Saturday, July 28, 2012

I love our Postgraduate Research Seminars

Yesterday, I was on campus for the latest Postgraduate Research Seminar organised by my School. This is where the BA Hons. and Masters students present their research projects to the School's staff, fellow students, and the wider research community at the university, and I always find them very stimulating. Sure, you get the odd esoteric philiosophy student whose work goes right over my head, but generally, there are at least a few presentations I find really interesting, and sometimes, the odd one that gives me a new perspective or fresh questions to ask about my own research. Because the School is multidisciplinary, it's always an intriguing mix of topics. I've seen everything from the historico-archeaological debate over the siege of Troy to Christian Science beliefs about reason, and from the the ethics of pre-natal screening to the history of fascism in pre-World War II rural New Zealand. 
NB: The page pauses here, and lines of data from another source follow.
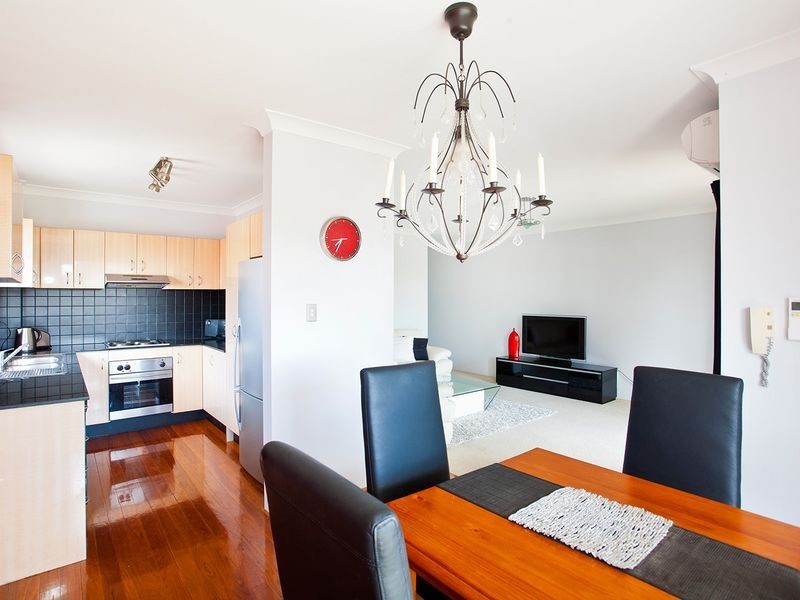 9/2-4 QUEENS ROAD, Brighton-le-sands NSW 2216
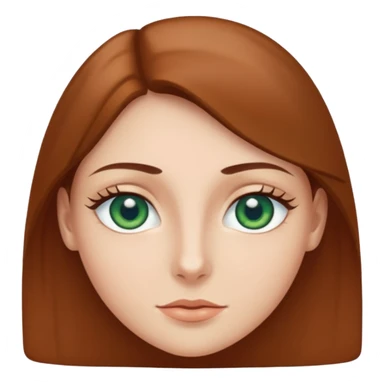 blue brown green eyes without face sticker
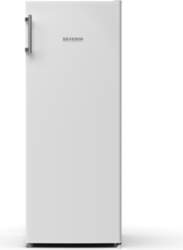 Severin FKS 8818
This year, one of the stand-outs for me was a case history of an intriguing late nineteenth-century land dispute. The case involved an indigenous Maori woman using the procedures of the colonial legal system to convert lands that had been under native leasehold title into individual freeholds under her own name. This process embroiled her in a long-running and apparently very acrimonious legal battle with another woman landholder of European ethnicity, and the dispute eventually saw the European woman being 'run off' and returning to Europe. The student in question is using this as a case study to explore the workings of the Native Land Court in that era, but I found it a fascinating example of some quite unexpected dynamics of both gender and ethnicity, in that a Maori woman used all the powers of the externally imposed colonial legal system (effectively, 'white man's law') to her own advantage (fee simple land title being more secure and, ultimately, more economically advantageous than either 'native' or Crown leasehold title). While the tiny amount I know about this case is only what was presented in this seminar, it does seem to be one of those examples that reinforces the point that feminist approaches to history cannot ignore other categories of identity - such as ethnicity or class - or they will fail to tell the whole story about how power was operating and being negotiated in any particular historical context. In other words, you can't assume all women are 'sisters' and have common interests just because they share two X chromosomes!


Anonymous said...

And isn't much of the history of feminism the battle to raise the consciousness of those women who continue to go along with patriarchy? Even if interests are shared it may be that not everyone realises it. I have the same beef about people using kinship as a historical explanation of politics or whatever. Because siblings never fight... ! I wrote about this here, ages ago and naturally enough Magistra came along and said more intelligent things than I'd said in comments.

Bavardess said...

I'm a good feminist an' all, but I think focusing on gender without considering the complicated intertwinings of class, ethnicity, religion etc. etc. is probably going to produce a rather simplistic view of power relations (hence, I don't find 'patriarchy' on its own terribly useful as an explanatory framework). On the kinship thing, yep, my sources are littered with various nephews/ cousins etc. murdering each other. Kinship only works as an explanation for historical social relations when not everyone in the damned realm who is fighting for a piece of the political pie is related to each other.